Start of Block
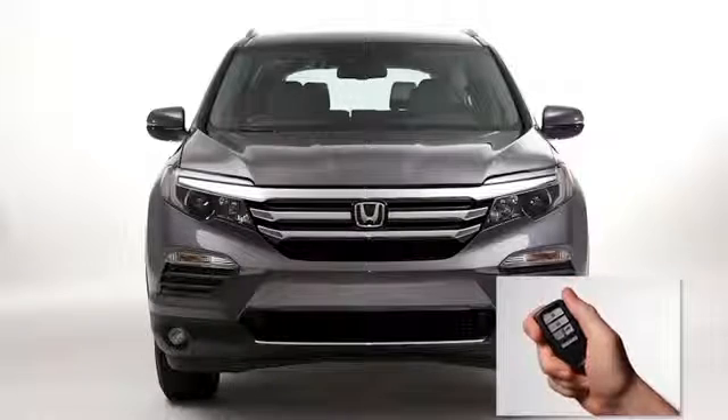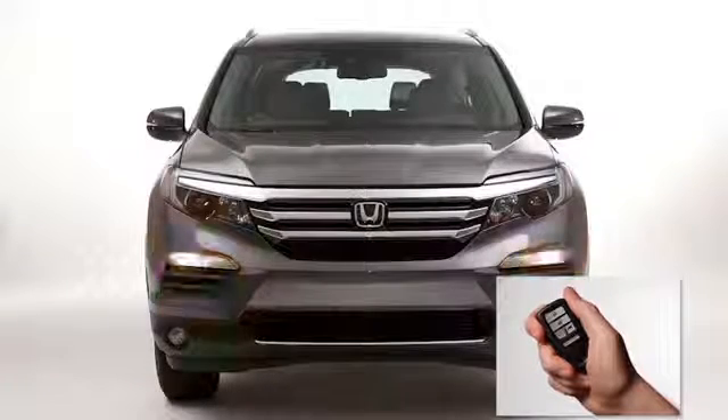When the time has been successfully extended for 10 minutes, the turn signal indicators will flash six times.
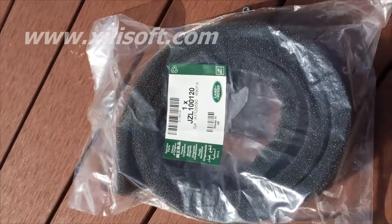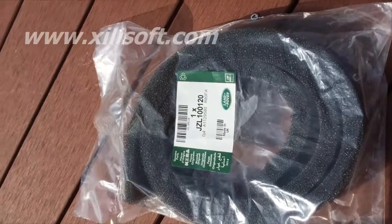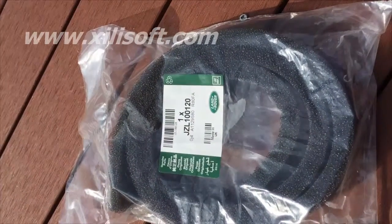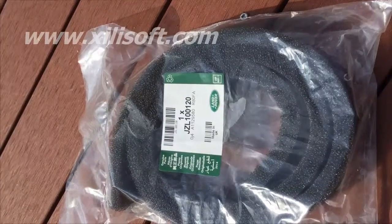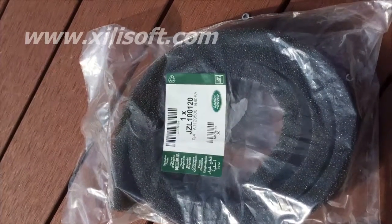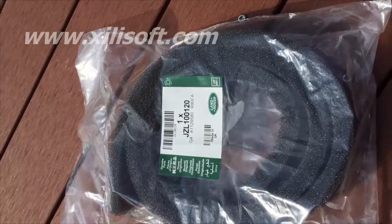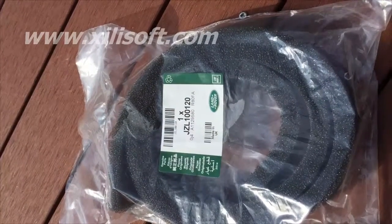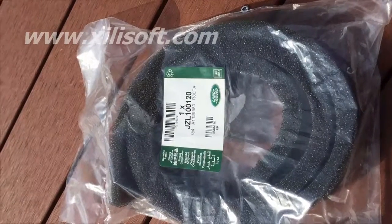Here we have the air intake foam for a Discovery 2. This goes in the front, down the back of the bonnet. After a few years it does decay quite badly, but this is a genuine replacement and one that will last considerably longer than some of the cheaper ones out there.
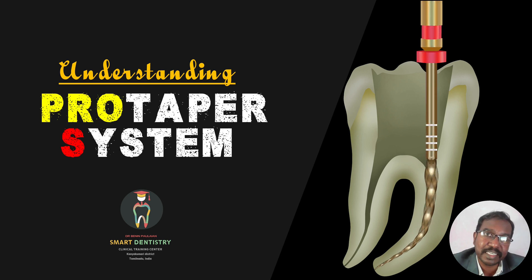This will be a basic presentation in which you will understand what are the different files, what lengths they are available, what are the tip sizes, and what is the sequence of using these files for cleaning and shaping. I am Dr. Benin and if you like this presentation, please like and also subscribe to my YouTube channel Smart Dentistry. I will make more videos that will be helpful for dentists and dental students.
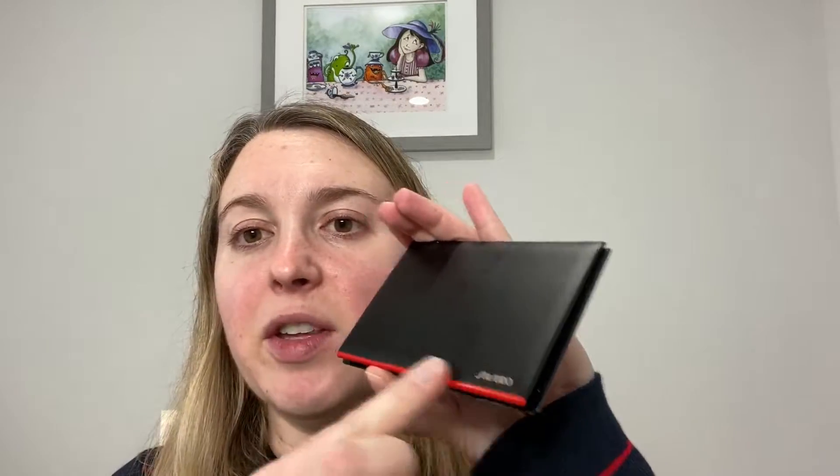So it comes in this black compact. You've got the red line down here, and this is plastic. It's pretty thin. You can see that it's a sleek palette, and this red line gives like a little lip here in the center for you to open it. But honestly, even though it's got this little lip area, it's hard for me to open there, so I actually have to pull on the side edge where the bottom kind of overlays.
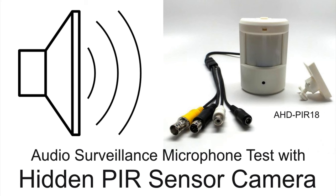In this video we are testing the audio surveillance microphone that is built into our hidden motion detector security cameras. This is an audio test using CCTV Camera Pro's hidden PIR camera.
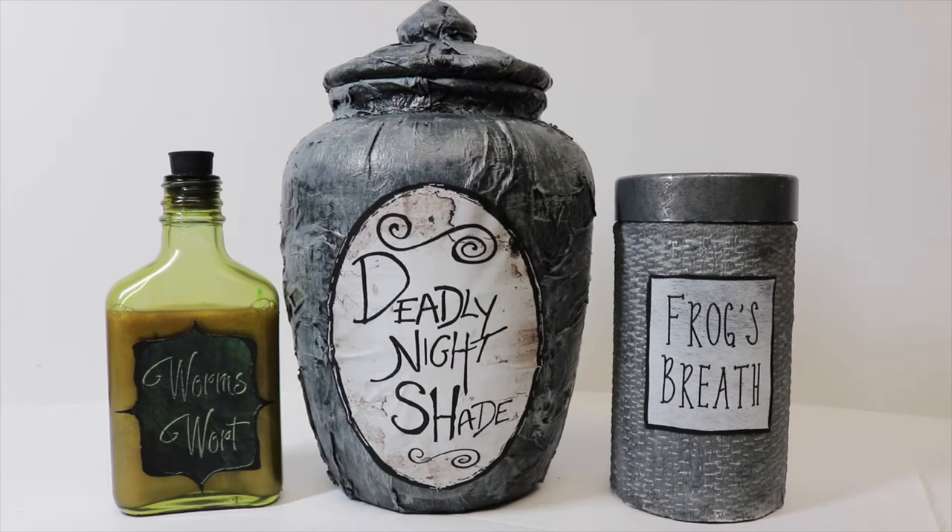Once our labels are on all of our containers, there you have it — Sally's potion ingredients, perfect to make some wormwort soup! These will be a great addition to our potion prop collection. If you guys liked this video give it a thumbs up, if you haven't subscribed please do so, and we will catch you guys later — thanks so much!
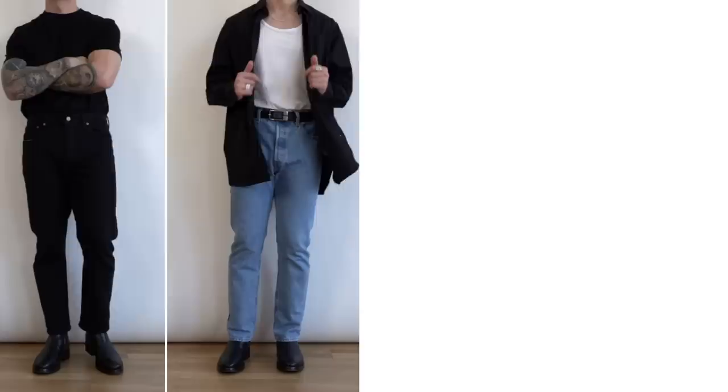Welcome back to another video — I hope you're all having a good day, dressing well, and getting stuff done. In today's video we're looking at how to style the Levi 501s, or more accurately, how I personally like to style them. I have two pairs to showcase today: the black pair I'm wearing now, and a blue pair you'll see later in the video. I have four ways I like to style them.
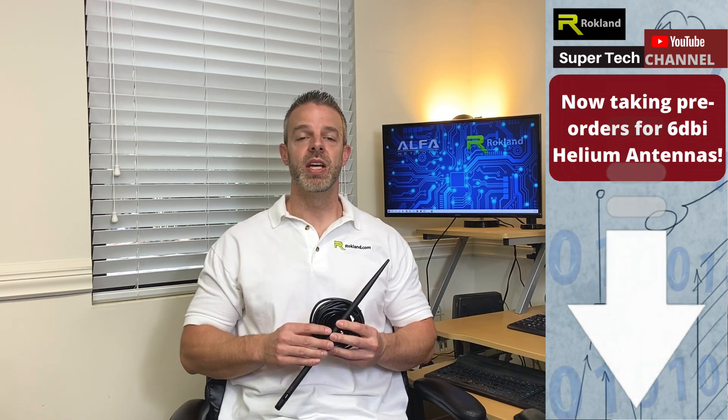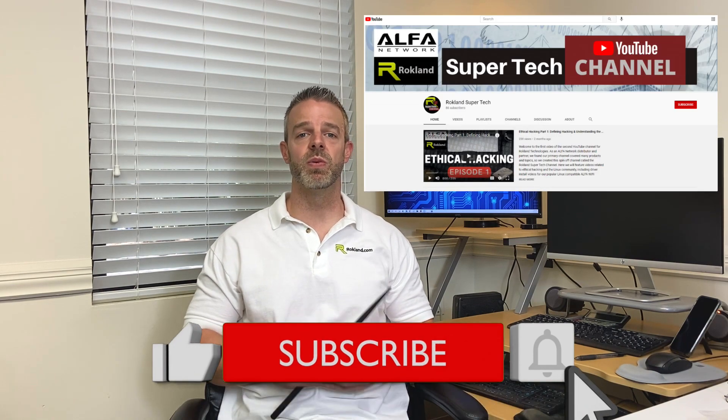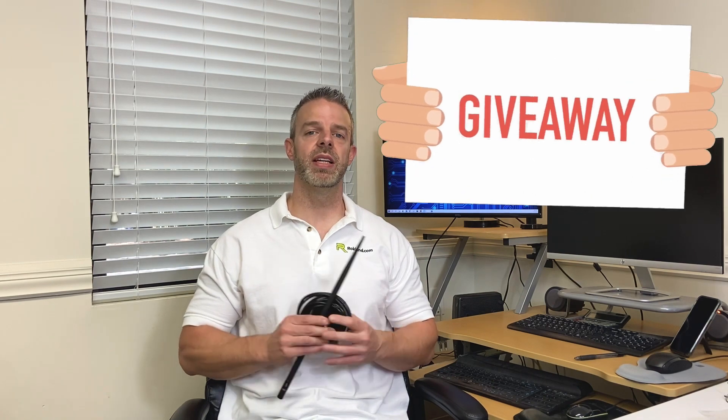Be sure to follow the link in the description so you can reserve your spot in line and be sure to subscribe to us on YouTube. We've got some new videos coming out in the coming weeks and we're also going to be announcing a major giveaway, so you've got to hit that subscribe button.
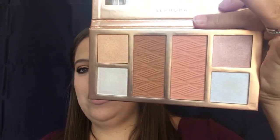I'm going to take a little bit of highlighter and I'm going to use my Sephora Snow Glow palette. Once again, I got this at Sephora — I think this is beautiful.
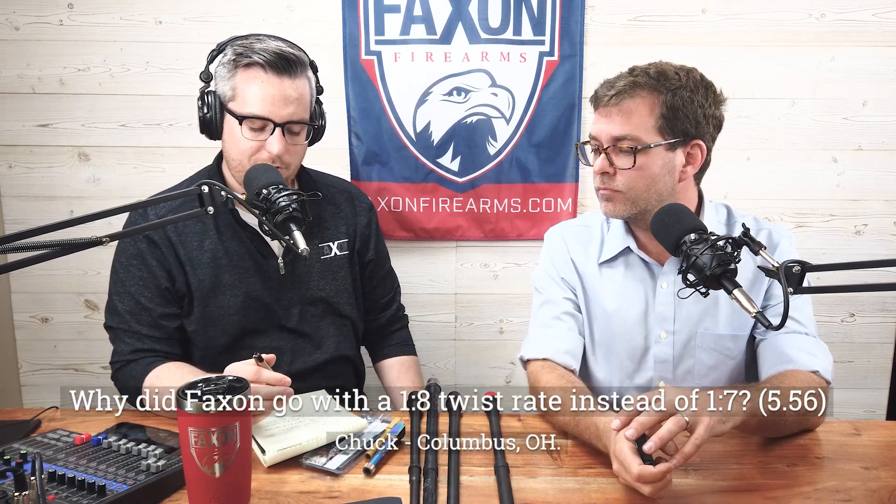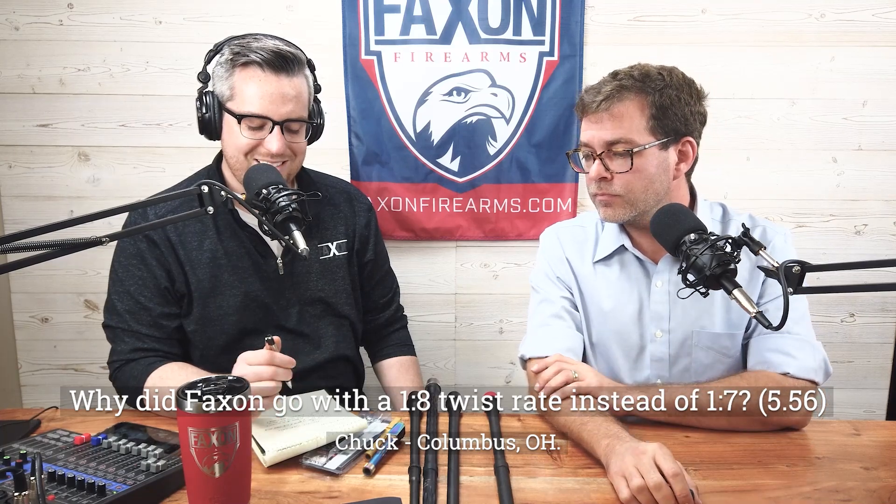This week we got a whole line of questioning from Chuck from Columbus, Ohio. We'll start with the first one: he asks why did Faxon go with a 1-in-8 twist rate instead of 1-in-7? He didn't leave a caliber, so let's just assume 5.56 since that's one of our more popular ones. What led to choosing that twist rate? That's a valid question — a little tricky.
End of Block
Your answer should consist solely of the lines from the one with "Be sure to follow" through the last line of the entries, restated word for word, with the pictures omitted.

- _SOLUTION TO THIS PROBLEM_:
Be sure to follow the link in the description so you can reserve your spot in line and be sure to subscribe to us on YouTube. We've got some new videos coming out in the coming weeks and we're also going to be announcing a major giveaway, so you've got to hit that subscribe button.
I'm going to take a little bit of highlighter and I'm going to use my Sephora Snow Glow palette. Once again, I got this at Sephora — I think this is beautiful.
This week we got a whole line of questioning from Chuck from Columbus, Ohio. We'll start with the first one: he asks why did Faxon go with a 1-in-8 twist rate instead of 1-in-7? He didn't leave a caliber, so let's just assume 5.56 since that's one of our more popular ones. What led to choosing that twist rate? That's a valid question — a little tricky.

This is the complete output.